With the late 1920s came an announcement that the states of North Carolina and Tennessee had decided to give the Great Smoky Mountains to the nation as a park. The residents of Cataloochee were incredulous. They were attached to this homeplace; they still referred to a short wagon ride as a trip and called a visit to the county seat a journey. But the park arrived, and the young families of the valley moved away, and then the older ones did the same. Gradually they came to understand that another sort of homeland had been established. And the strangers who now visit their valleys and creeks can look about and appreciate the heritage these settlers and their descendants left behind.

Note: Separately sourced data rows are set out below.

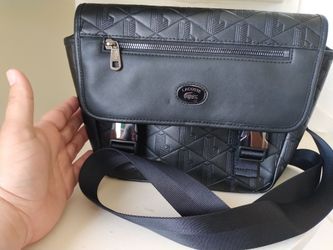Lacoste Authentic Black Leather Crossbody Messenger Bag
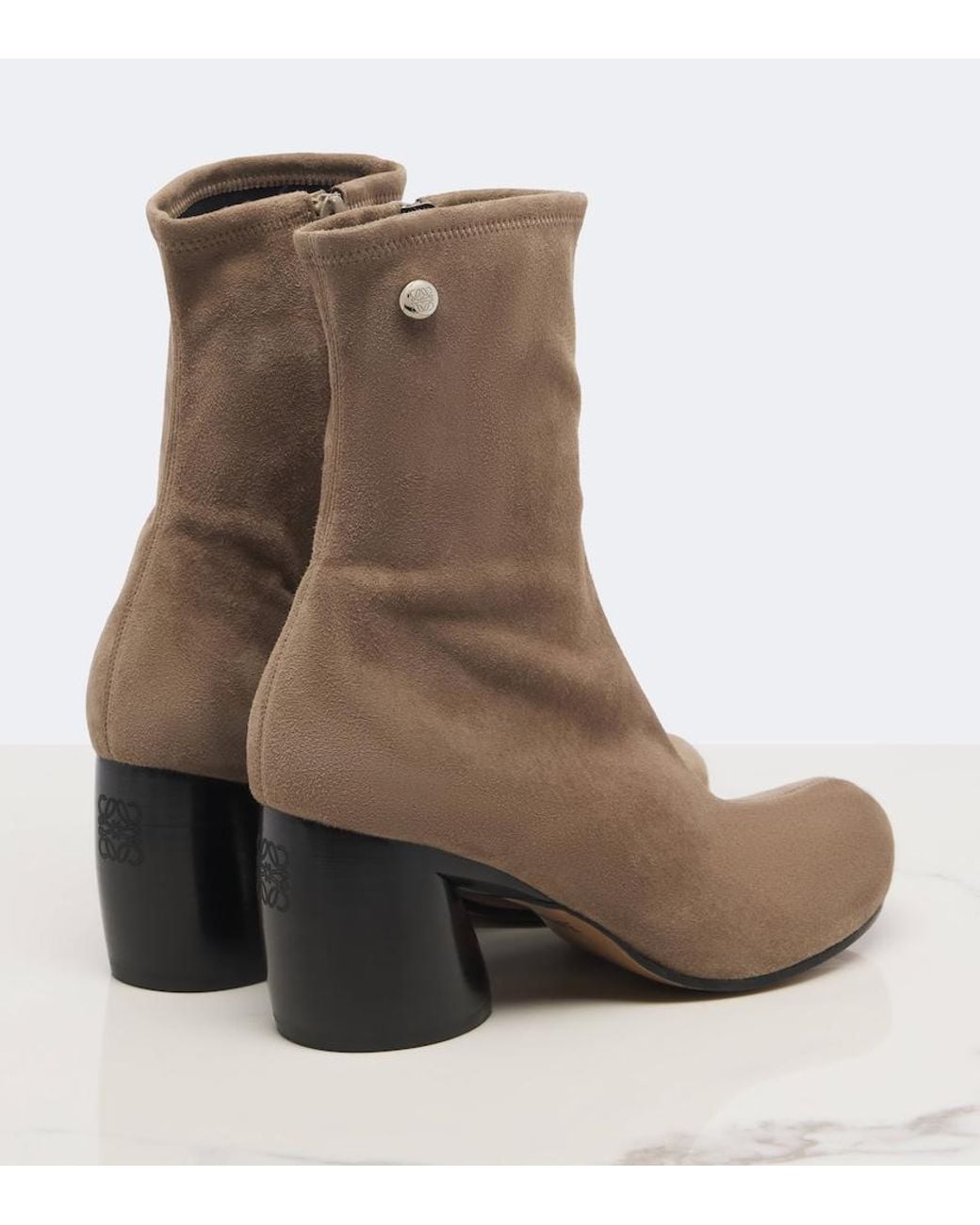 Loewe Brown Oval Suede Ankle Boots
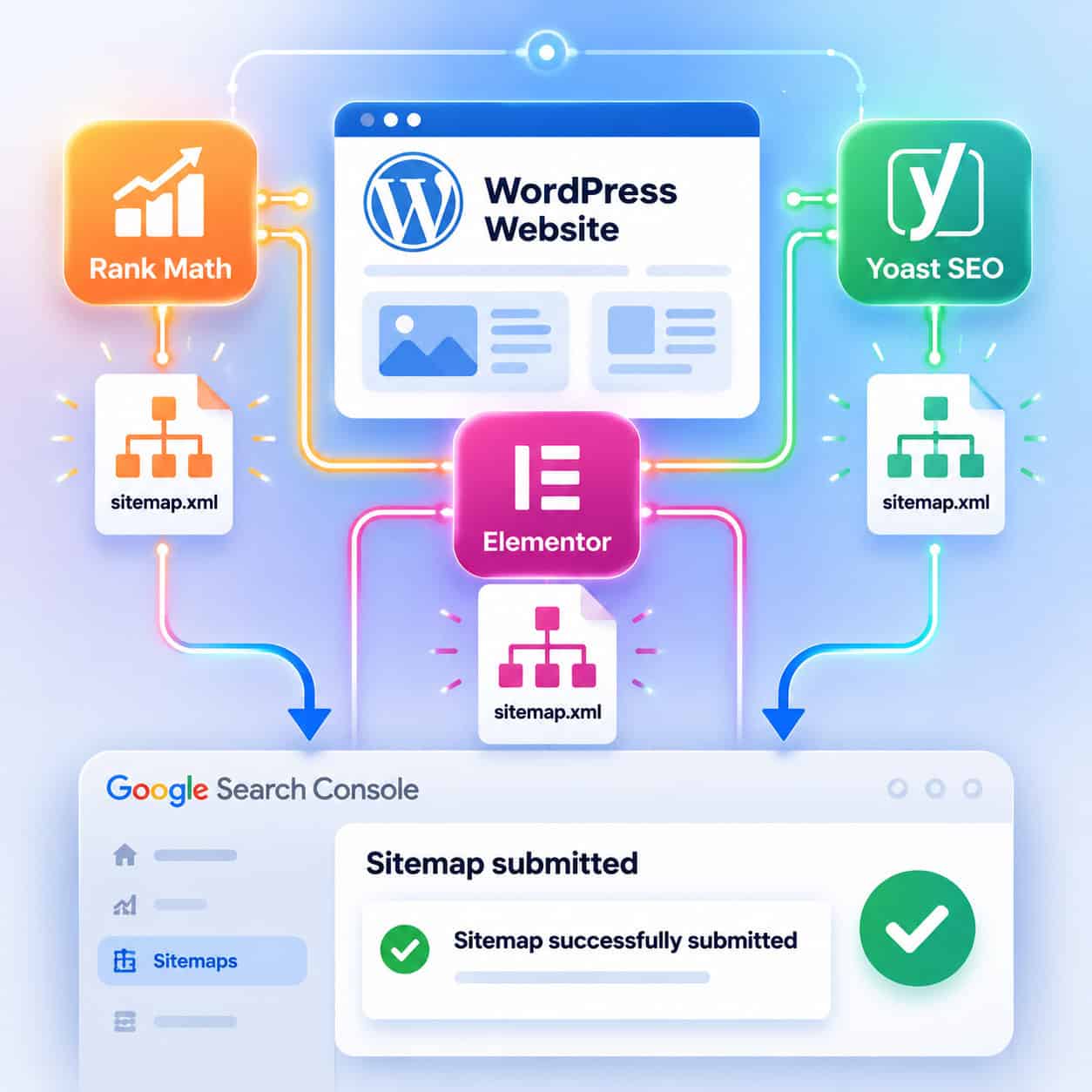 () conceptual illustration showing a WordPress website at the center connected by glowing lines to three plugin icons: Rank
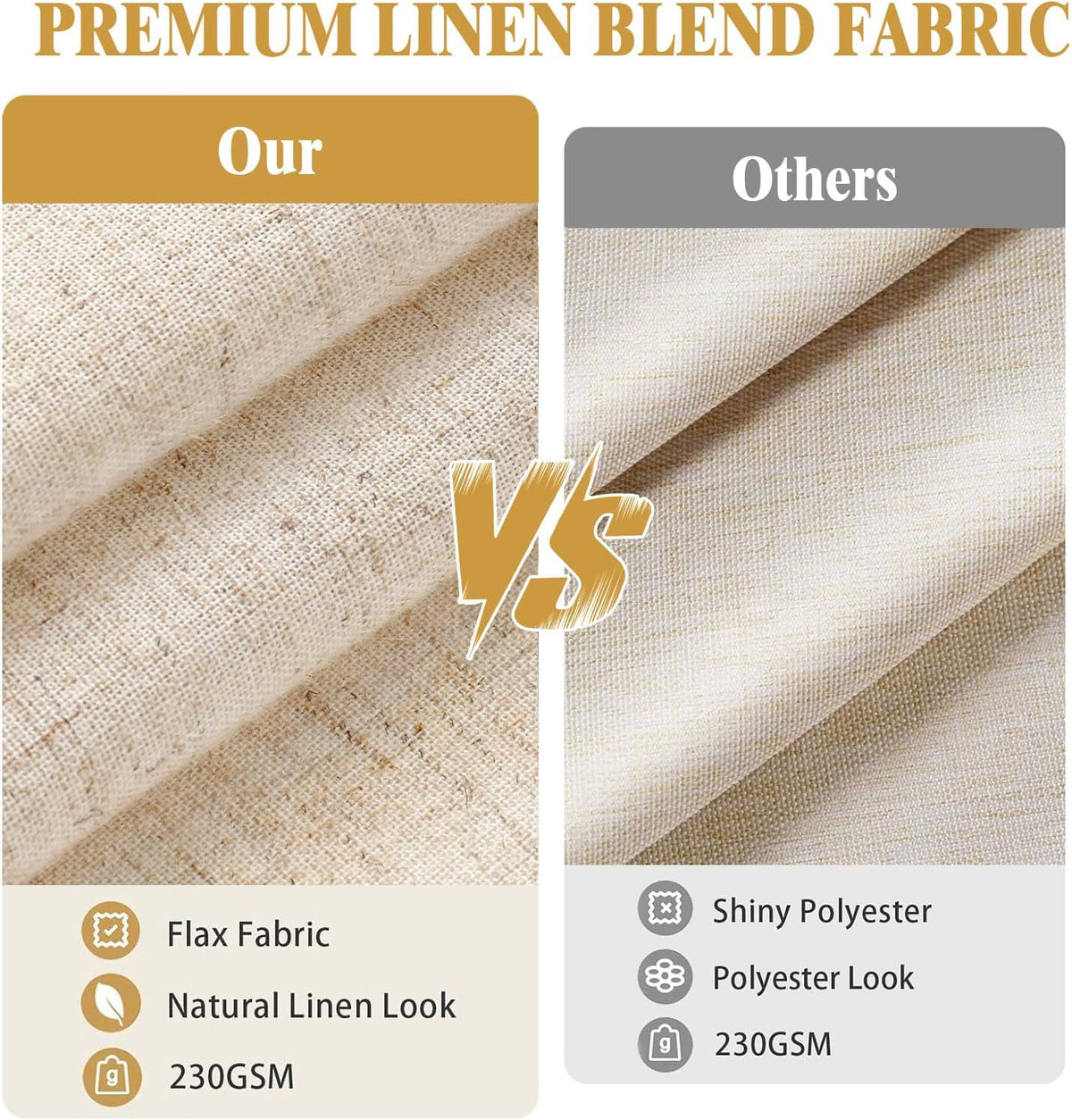 Linen Shower Curtain Beige Boho Cream Natural Cloth 72" W x 72" L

The old families still come back. They return to this creek on the August Sunday of Homecoming. In the early morning hours they fill the wooden benches of tiny Palmer’s Chapel for singing and preaching and reminiscing; at noon they share bountiful food spread on long plank tables beside clear, rushing Cataloochee Creek; in the mellow afternoon they rediscover the valley. For what lures the stranger is what lures the old families back. They come to sense again the beauty and the permanence and even the foggy mystery of the Great Smokies. And this that beckons them back is that which beckoned the Indian discoverers of these mountains hundreds of years ago.

Rail Fences

“Something there is that does not love a wall,” poet Robert Frost once wrote. Likewise, many mountain people felt something there is that does not love a fence. Fences were built for the purpose of keeping certain creatures out—and keeping other creatures in. During early days of settlement there were no stock-laws in the mountains. Cattle, mules, horses, hogs, sheep, and fowls ranged freely over the countryside. Each farmer had to build fences to protect his garden and crops from these domestic foragers as well as some of the wild “varmint” marauders. Rail fences had several distinct merits: they provided a practical use for some of the trees felled to clear crop and pasture land; they required little repair; they blended esthetically into the surroundings and landscape. Mountain fences have been described as “horse-high, bull-strong, and pig-tight.” W. Clark Medford, of North Carolina, has told us how worm fences ([right]) were built:

H. Woodbridge Williams

Charles S. Grossman

“There was no way to build a fence in those days except with rails—just like there was no way to cover a house except with boards. First, they went into the woods, cut a good ‘rail tree’ and, with axes, wedge and gluts, split the cuts (of six-, eight- and ten-foot lengths as desired) into the rail. After being hauled to location, they were placed along the fence-way, which had already been cut out and made ready. Next, the ‘worm’ was laid. That is, the ground-rails were put down, end-on-end, alternating the lengths—first a long rail, then a short one—and so on through. Anyone who has seen a rail fence knows that the rails were laid end-on-end at angles—not at right angles, but nearly so. One course of rails after another would be laid up on the fence until it had reached the desired height (most fences were about eight rails high, some ten). Then, at intervals, the corners (where the rails lapped) would be propped with poles, and sometimes a stake would be driven. Such fences, when built of good chestnut or chestnut-oak rails, lasted for many years if kept from falling down.”